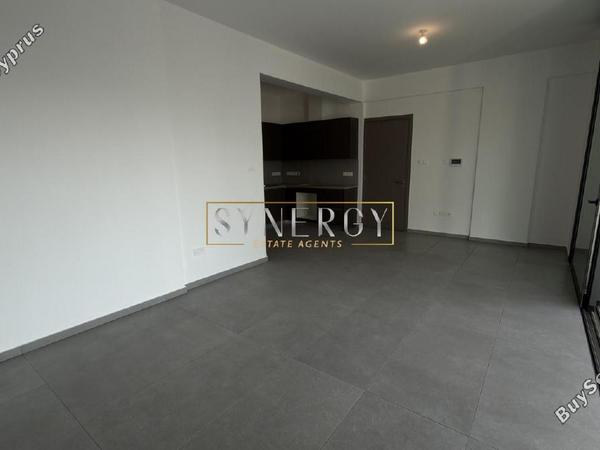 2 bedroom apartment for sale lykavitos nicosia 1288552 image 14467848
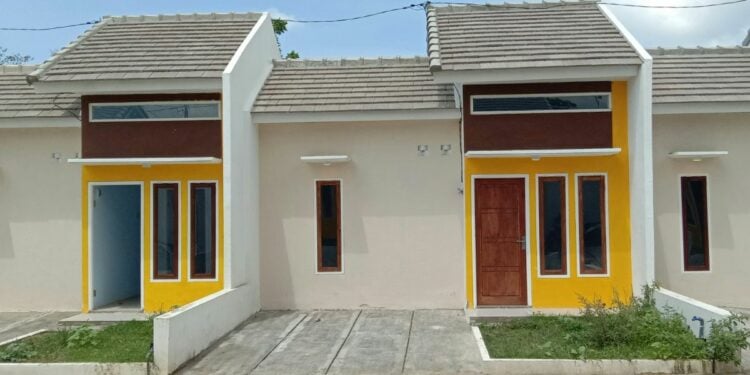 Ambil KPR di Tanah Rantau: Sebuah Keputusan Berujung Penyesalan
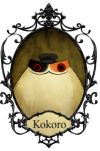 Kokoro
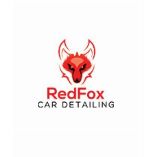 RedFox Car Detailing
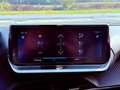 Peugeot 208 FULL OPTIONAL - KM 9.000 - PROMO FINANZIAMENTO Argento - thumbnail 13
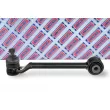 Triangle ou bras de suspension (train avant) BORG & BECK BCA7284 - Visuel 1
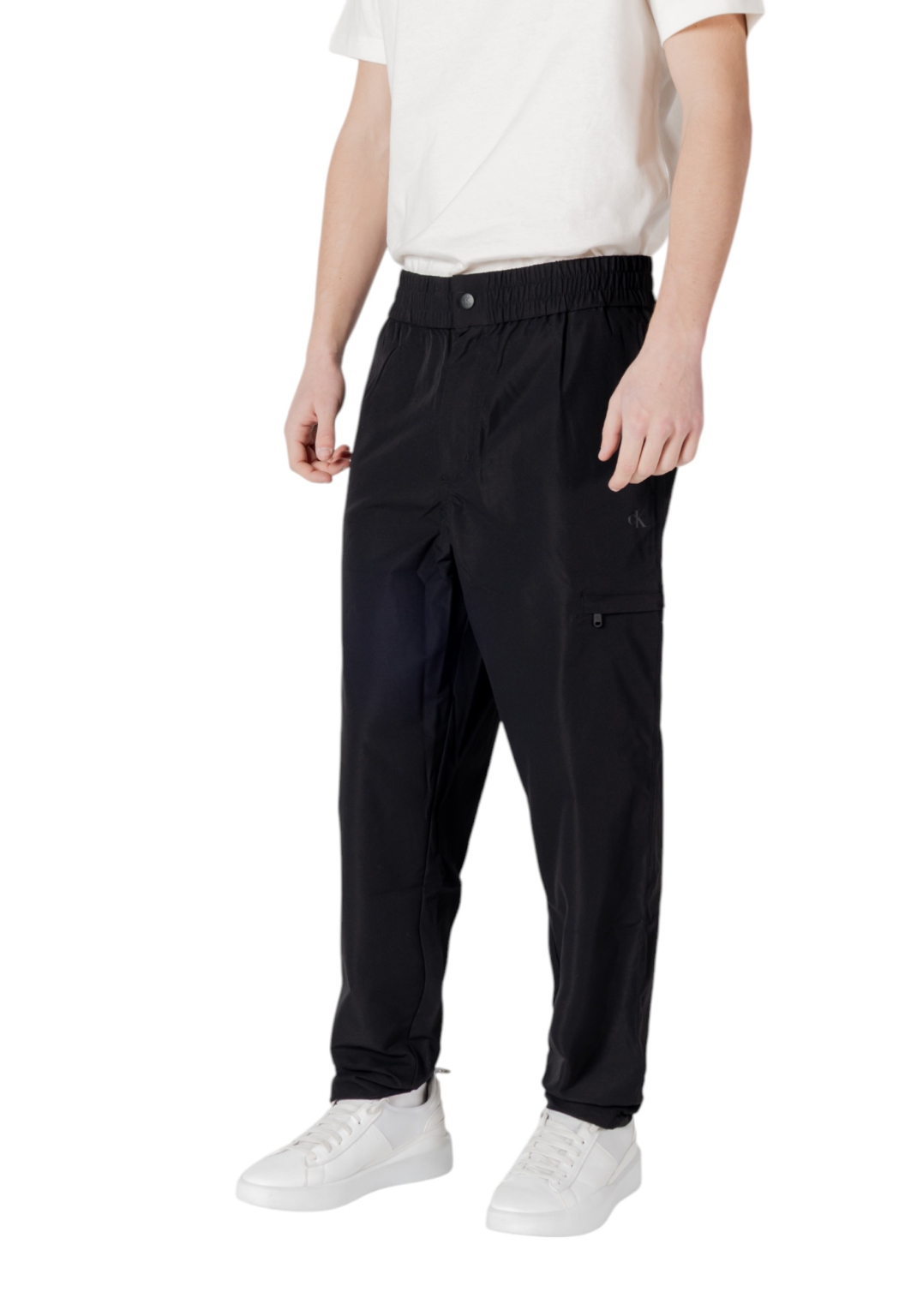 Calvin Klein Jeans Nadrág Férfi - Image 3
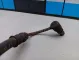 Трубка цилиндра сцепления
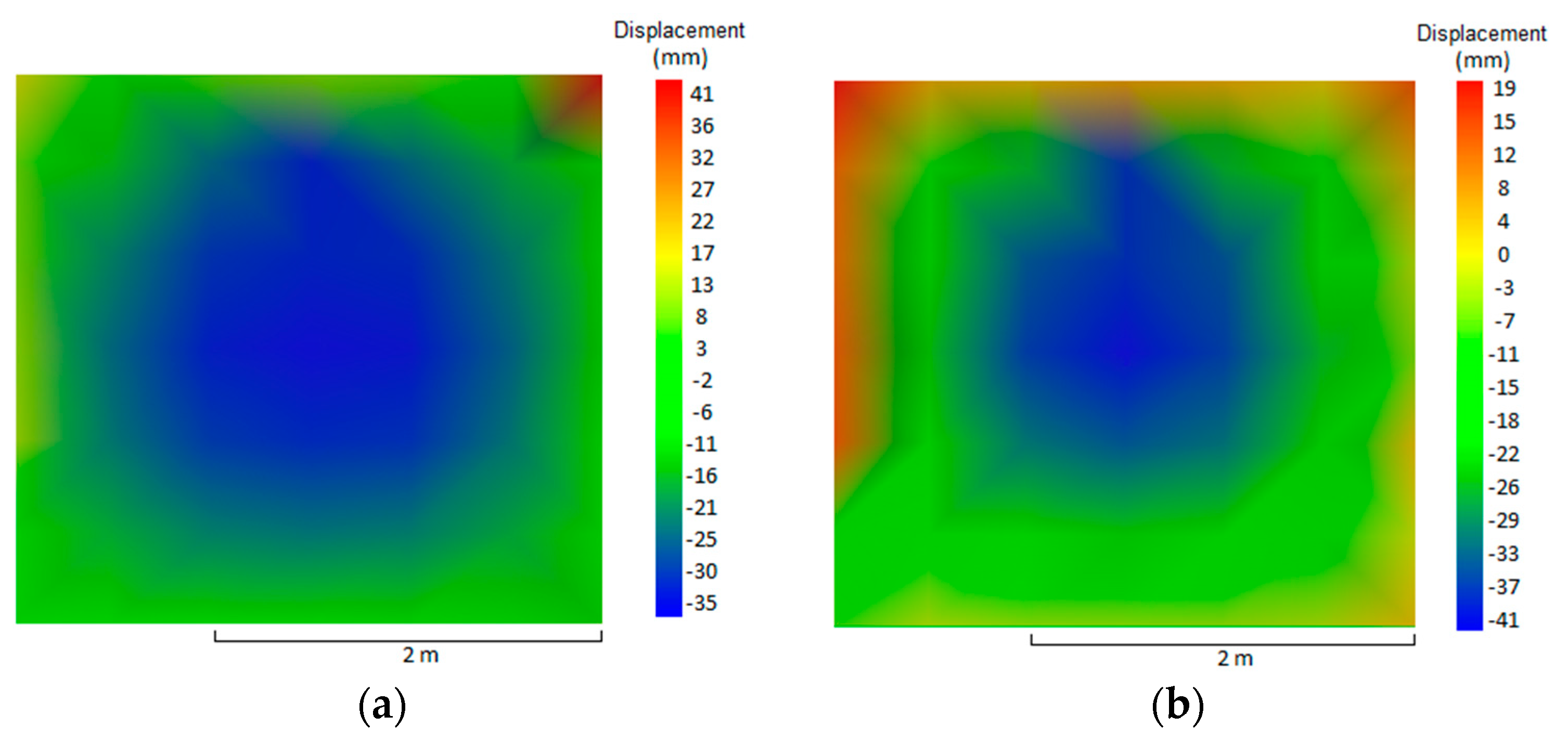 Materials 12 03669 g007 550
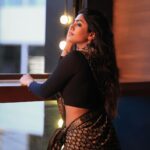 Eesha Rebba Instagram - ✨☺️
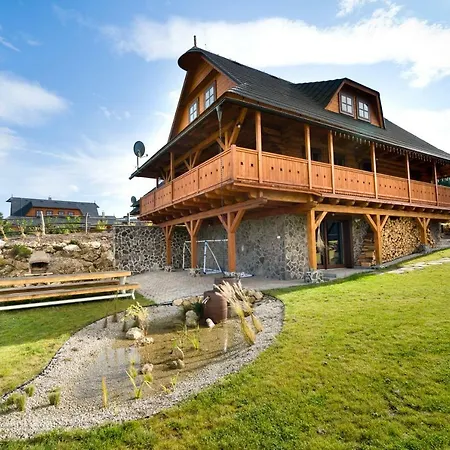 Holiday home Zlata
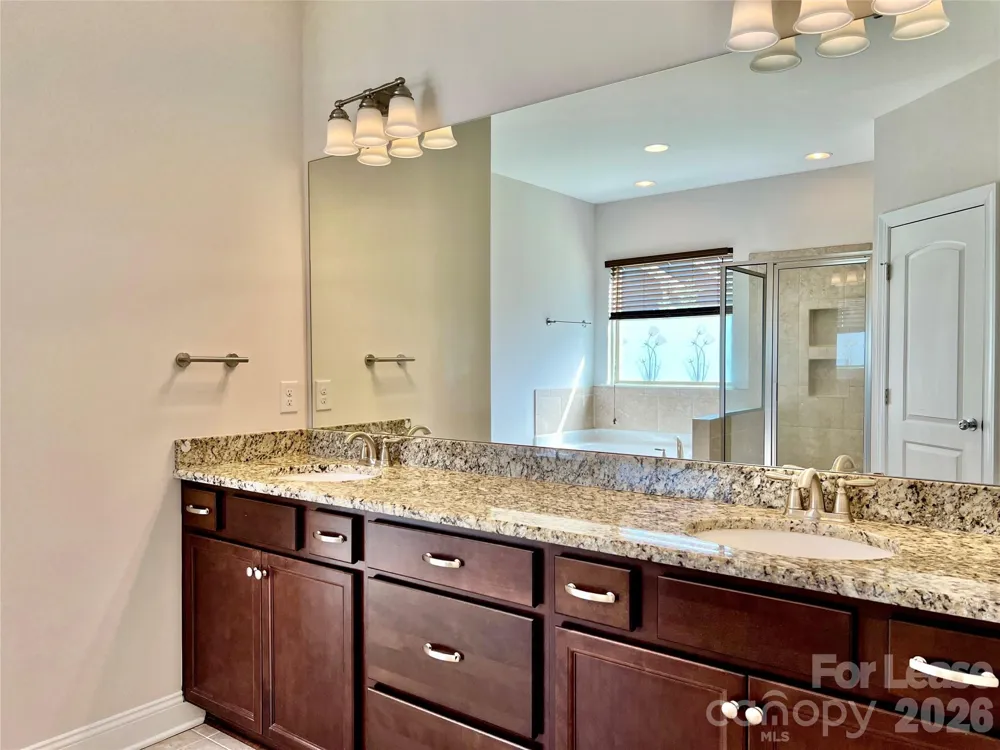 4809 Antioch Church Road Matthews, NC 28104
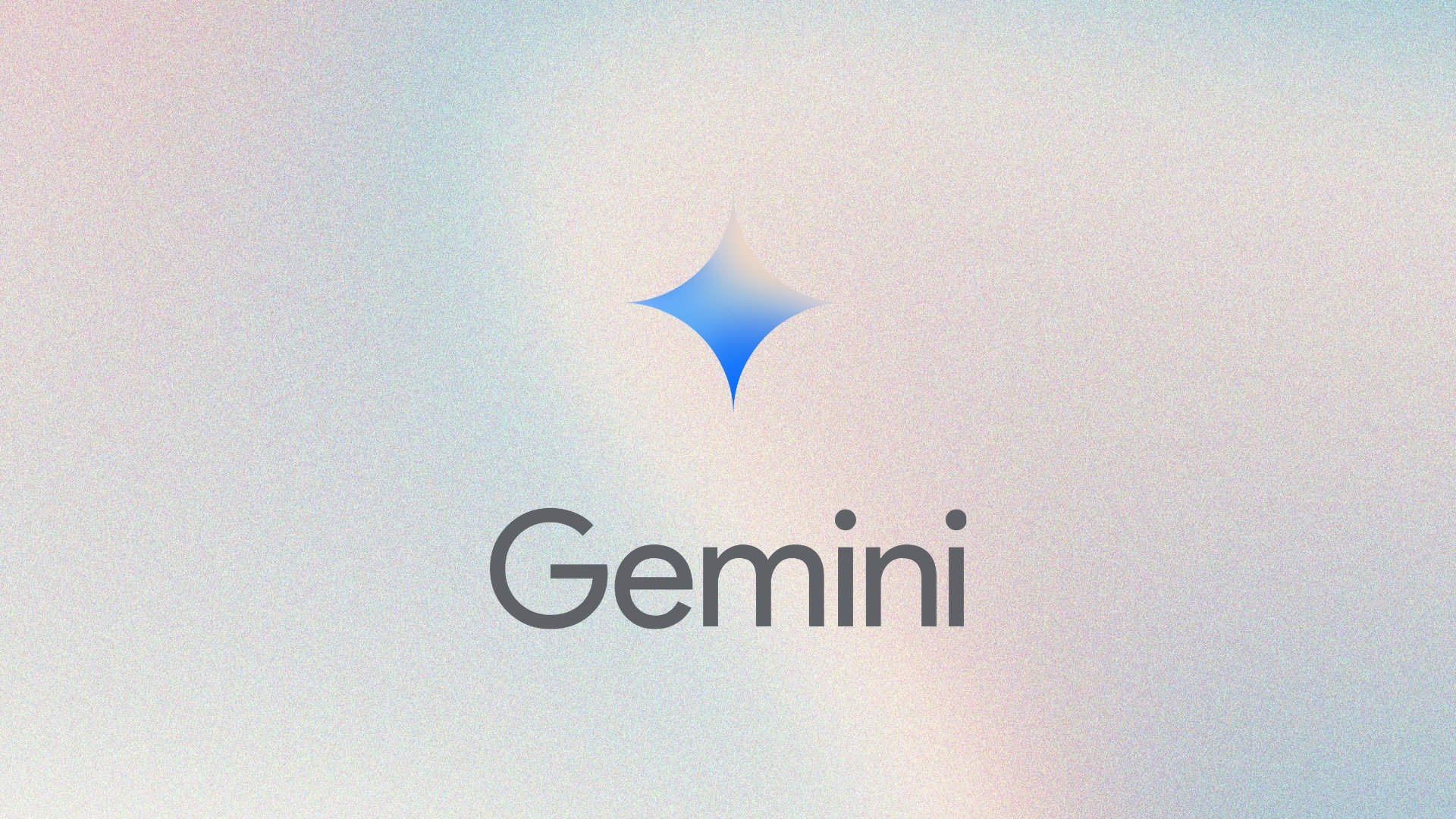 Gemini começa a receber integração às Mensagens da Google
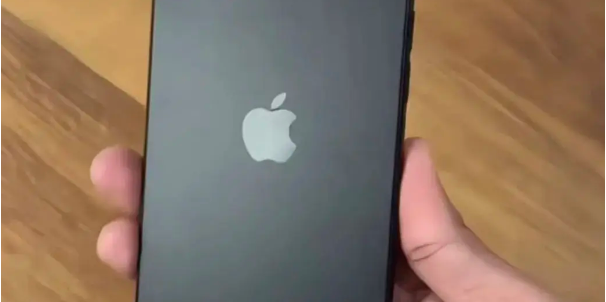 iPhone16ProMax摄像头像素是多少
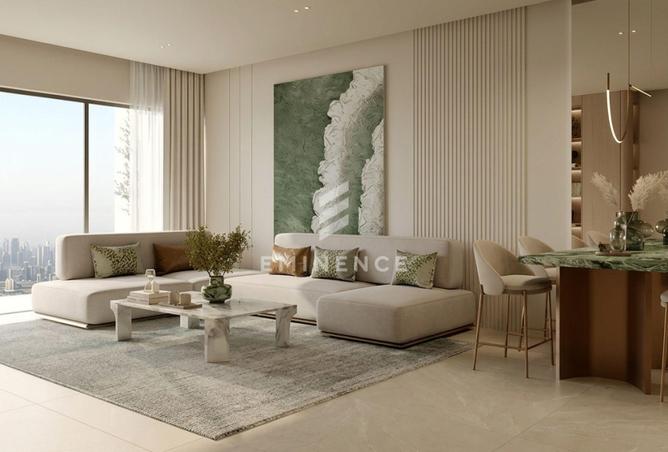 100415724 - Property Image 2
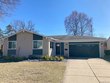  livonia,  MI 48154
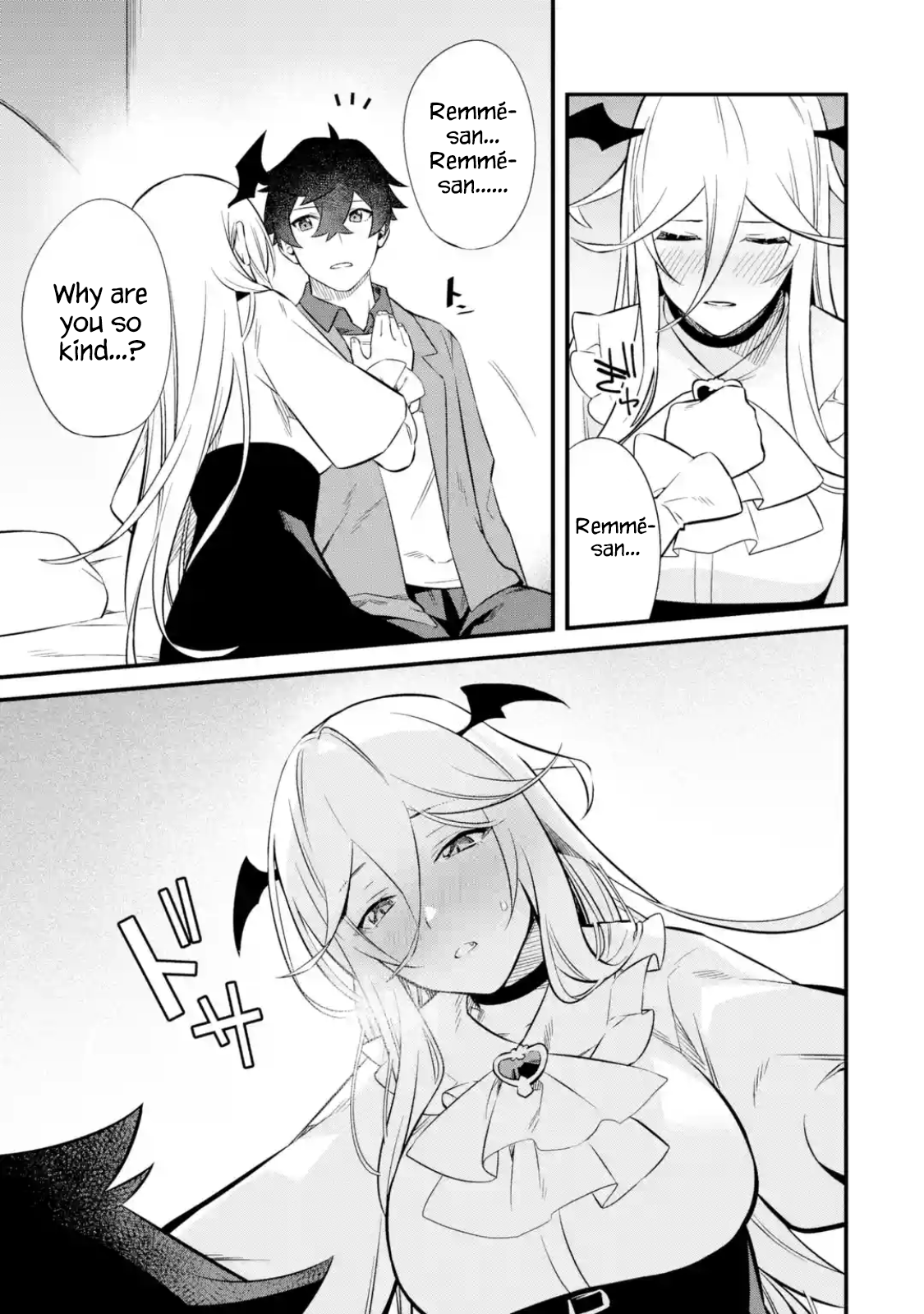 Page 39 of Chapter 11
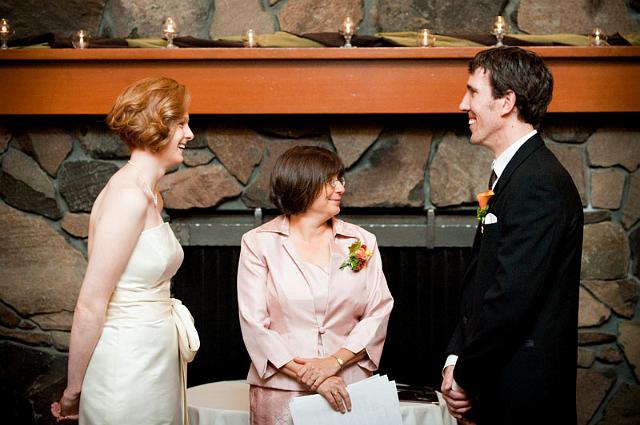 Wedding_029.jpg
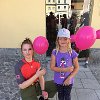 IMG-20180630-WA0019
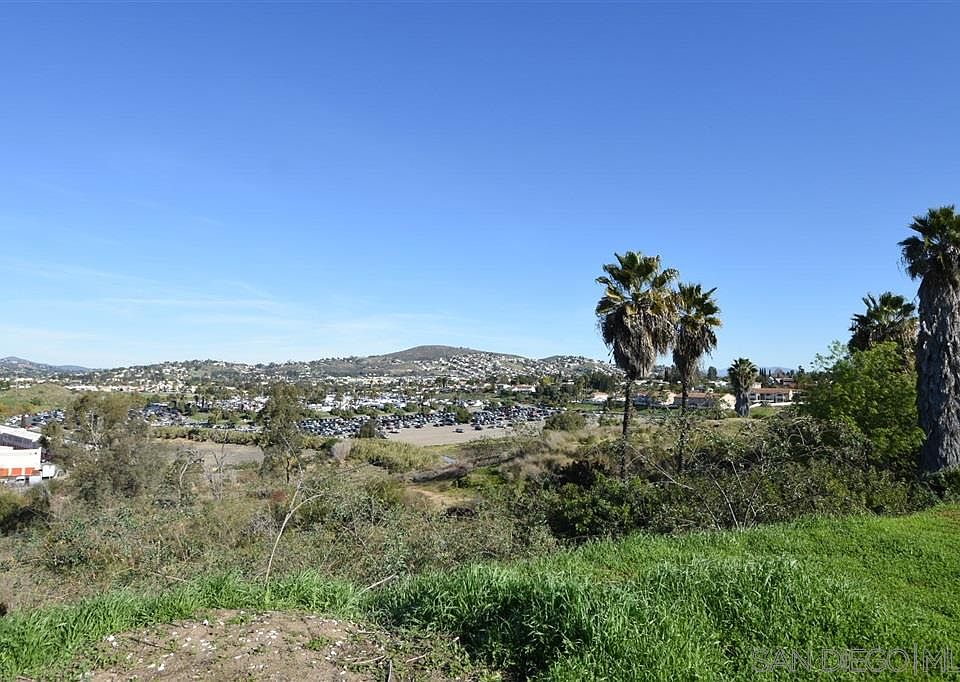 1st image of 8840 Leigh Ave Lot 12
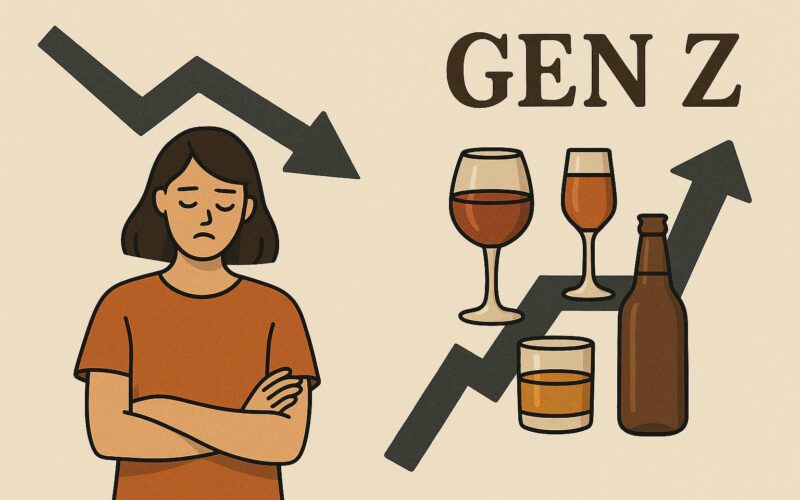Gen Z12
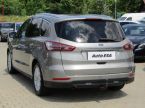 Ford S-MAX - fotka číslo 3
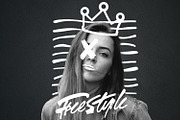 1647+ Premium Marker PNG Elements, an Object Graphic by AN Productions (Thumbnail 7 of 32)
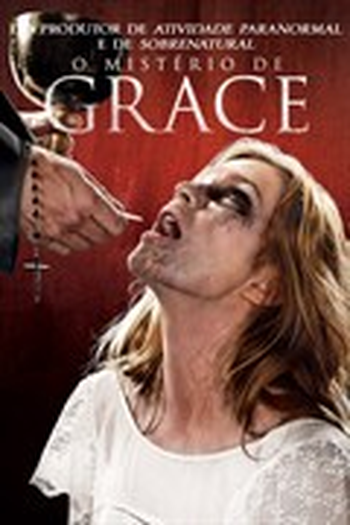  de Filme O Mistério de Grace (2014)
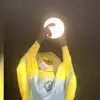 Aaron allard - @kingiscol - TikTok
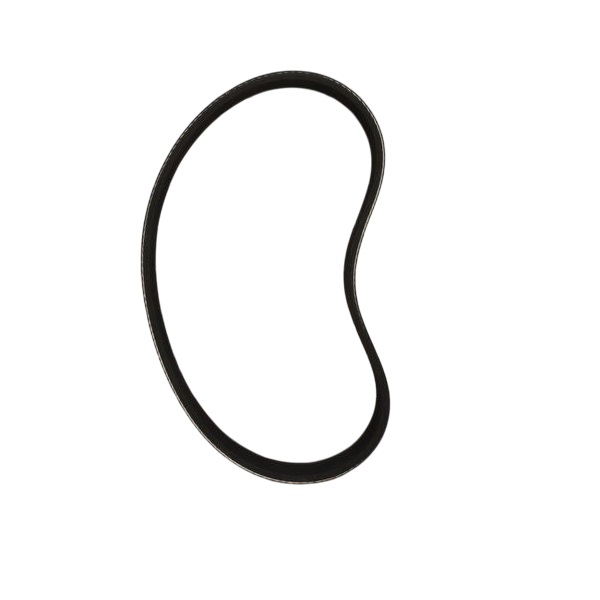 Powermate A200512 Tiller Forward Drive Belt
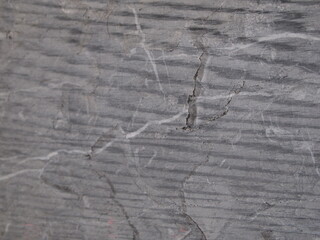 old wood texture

______________________________

**Task statement:**
Copy out every line of the data exactly, leaving the images behind.

**Your solution:**
 2 bedroom apartment for sale lykavitos nicosia 1288552 image 14467848
 Ambil KPR di Tanah Rantau: Sebuah Keputusan Berujung Penyesalan
 Kokoro
 RedFox Car Detailing
 Peugeot 208 FULL OPTIONAL - KM 9.000 - PROMO FINANZIAMENTO Argento - thumbnail 13
 Triangle ou bras de suspension (train avant) BORG & BECK BCA7284 - Visuel 1
 Calvin Klein Jeans Nadrág Férfi - Image 3
 Трубка цилиндра сцепления
 Materials 12 03669 g007 550
 Eesha Rebba Instagram - ✨☺️
 Holiday home Zlata
 4809 Antioch Church Road Matthews, NC 28104
 Gemini começa a receber integração às Mensagens da Google
 iPhone16ProMax摄像头像素是多少
 100415724 - Property Image 2
  livonia,  MI 48154
 Page 39 of Chapter 11
 Wedding_029.jpg
 IMG-20180630-WA0019
 1st image of 8840 Leigh Ave Lot 12
Gen Z12
 Ford S-MAX - fotka číslo 3
 1647+ Premium Marker PNG Elements, an Object Graphic by AN Productions (Thumbnail 7 of 32)
  de Filme O Mistério de Grace (2014)
 Aaron allard - @kingiscol - TikTok
 Powermate A200512 Tiller Forward Drive Belt
 old wood texture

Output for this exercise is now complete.